It’s time to light a match – it’s starting to stink on Match.com.
This is part four (I think, but I’m starting to lose count) of my Match.com Adventures. Part three is Match.com: The Odds Are Good That The Goods Are Odd.
Here are the latest two guys from Match.com:
Chatty Guy, is in high tech, has four kids, and likes to dominate the conversation. We had a first date, lunch at a local chain restaurant. There are no big pluses in his court, but he does have a few minuses: He bashed his ex on our two dates, he talks over me all. the. time., and he lied about his age (said 49, but is 52).
Normally, lying about age is grounds for immediate disqualification in my book, but I’ve since began to wonder if perhaps I’m still single at my ripe old age because I might be a tad too picky. With this in mind I polled my friends and readers on Facebook and here’s what they said:
Chatty/Lied About His Age Guy and I have since had a second date, dinner. During it I realized I’m just not that interested anymore: The lying doesn’t help to give me the warm and fuzzy, and our conversations are boring. On each of our two dates he’s talked about his last ex – about whom he has nothing kind to say, even though she’s obviously got mental problems. No compassion for her at all. Heck, I have more compassion for her than he seems to, and I don’t know her. Two of his four kids are with her.
Plus, even though he talked about also “wanting to be friends first” and how refreshing that was, he’s already trying to move along the physical aspect on date two! He tried twice to kiss me – even though I’d clearly given him the turned cheek the first time.
He’s out. NEXT!
Greek Guy, aka Shoe Fetish Guy, and I have had two dates since our initial coffee date. During our first date, coffee and walking around an outdoor mall, he mentioned how much he liked my shoes, generic black boots under jeans. During our second phone call, he again mentioned how much he liked them, and how he had a thing for shoes. He made a request that the next time we go out I wear some sexy shoes.
I wore sneakers during our second date, lunch and walking around by the beach. As a commenter said “…the shoe fetish version of Granny Panties…” I LOVE my commenters!

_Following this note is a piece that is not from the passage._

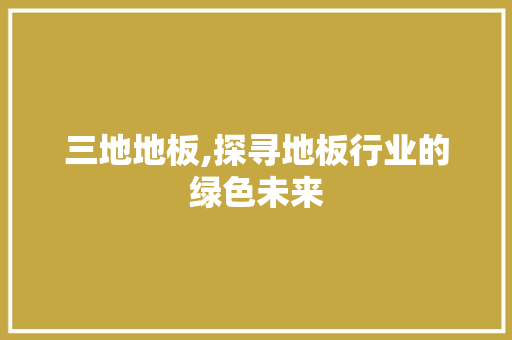 三地地板,探寻地板行业的绿色未来 材料设备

My friends and readers were also very helpful with Shoe Fetish Guy, and funnier than I could be…
He’s out, too. Not just for his weirdness with the shoes, but his interest in speeding things along physically – nothing is a bigger turn-off for me. I get that. all. the. time.
One of the things I love about my Friend On The Fence (mentioned in A Pigeon Named Spot) is that he tells me he loves me all the time, he tells me I’m smart, and he tells me I’m beautiful inside and out. He sees a person underneath the blond hair and skin. Those are more of a compliment then “You’re so pretty”. These guys on Match mostly seem interested in one thing: My photos, or my shoes.
*sigh* This leaves me with no current Match.com prospects.
Now, I’ll have to start contacting them first. Some feel this is the kiss of death for a budding relationship, and the man should always initiate contact/declare interest first.
I love all the input I get from you guys! I want your opinion on this next question, too: Is it ok for a woman to contact a man first, or does that start the potential relationship off on the wrong foot – ie, she’s doing the chasing?
Men – What do you think of a woman who indicates she’s interested by contacting you first? She’s easy and desperate or just bold? Does this change the way you feel about her or treat her in the relationship, should it get that far?
UPDATED: Lied About His Age Guy has updated his profile. During our dinner date I told him how you all voted 30 to 1 to against his behavior, and considered him untrustworthy because of it. Apparently, he does have a conscience. Maybe.